── Supplied material

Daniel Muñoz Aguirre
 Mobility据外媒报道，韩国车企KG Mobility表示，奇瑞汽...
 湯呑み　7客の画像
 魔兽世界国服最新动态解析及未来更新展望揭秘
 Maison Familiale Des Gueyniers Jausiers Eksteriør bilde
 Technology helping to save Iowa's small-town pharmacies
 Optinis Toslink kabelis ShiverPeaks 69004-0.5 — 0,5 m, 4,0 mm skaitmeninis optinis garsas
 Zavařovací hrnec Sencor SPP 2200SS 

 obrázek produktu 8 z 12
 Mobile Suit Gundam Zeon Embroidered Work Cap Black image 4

────

Work request:
The span to print begins at the line containing "Maison Familiale Des" and ends at the final line of the entries; print it exactly and print nothing else.

Finished task:
 Maison Familiale Des Gueyniers Jausiers Eksteriør bilde
 Technology helping to save Iowa's small-town pharmacies
 Optinis Toslink kabelis ShiverPeaks 69004-0.5 — 0,5 m, 4,0 mm skaitmeninis optinis garsas
 Zavařovací hrnec Sencor SPP 2200SS 

 obrázek produktu 8 z 12
 Mobile Suit Gundam Zeon Embroidered Work Cap Black image 4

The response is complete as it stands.